Panel Paper: Student Enrollment Flows in Chicago Public Schools

Saturday, November 9, 2013 : 10:25 AM
3015 Madison (Washington Marriott)

*Names in bold indicate Presenter

Irmak Sirer1, Spiro Maroulis2, Roger Guimerà3,4, Uri Wilensky1 and Luís A. Nunes Amaral1, (1)Northwestern University, (2)Arizona State University, (3)ICREA, (4)Universitat Rovira i Virgili
The logic underlying how school choice programs can bring about district-wide improvement relies on the idea that choice will spur competition as students migrate to better performing schools. While much empirical research in choice estimates the performance consequences that emerge from this process (such as the association between market concentration and student achievement, or the treatment effect of attending a choice school), much less work quantitatively analyzes the student migration patterns that are the precursor to potential improvements. In this paper, we directly examine the extent to which student flows in one of the largest public choice systems in the country match the ones required to bring about competition.

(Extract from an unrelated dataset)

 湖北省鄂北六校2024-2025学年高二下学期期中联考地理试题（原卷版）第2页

The data come from 9 cohorts of 8th grade students in the Chicago Public Schools from 1995-2004, and include student-level standardized test scores, the high school to which the student was assigned, and the high school in which the student actually enrolled. We use this data to create a network of student flows between schools for any given year y, where each school i is connected to school j by an arc if there are students that were assigned to i but instead enrolled in j

To characterize the extent to which students move from low to high performing schools in this network, we define a new measure -- school achievement differential (SAD). For each student, SAD is defined as the difference between the mean Prairie State Achievement Examination (PSAE) of their attended school j and their assigned school i. We then calculate the mean SAD:  1) over all students in the district who did not enroll in their assigned school, 2) disaggregated by the 8thgrade achievement of the students, and 3) disaggregated by emergent “sub-districts” within CPS, as defined by a custom algorithm that groups together schools with similar student sending and receiving patterns in the network. In all cases, a positive mean SAD implies a movement consistent with the movement required to spur competition; a zero or negative mean SAD, the opposite.  Note that while our approach enables us to characterize a logical precursor to competition – directed student flows – an important limitation is that we cannot determine whether those flows actually resulted in competitive school responses.

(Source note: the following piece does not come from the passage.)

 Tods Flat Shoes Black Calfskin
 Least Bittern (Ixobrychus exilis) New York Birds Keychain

We find that the SAD for the entire district is 14.12 points (p < 0.0001), implying students flow from lower to higher achieving schools. However, we also find significant differences between the flows of high and low achievers. The difference in mean SAD between the highest achievement quartile of 8th grades test scores, and an equivalent number of moving students from lowest end of the 8th grade test score distribution is 20.36 (p < 0.0001); and low achievers are much more likely to stay within their existing sub-district (55.52%), when compared to high achievers (34.63%). From a policy perspective, our results are consistent with the idea that student mobility can spur competition beneficial to all in the district district, but the differences in mobility across subgroups may potentially widen existing achievement gaps.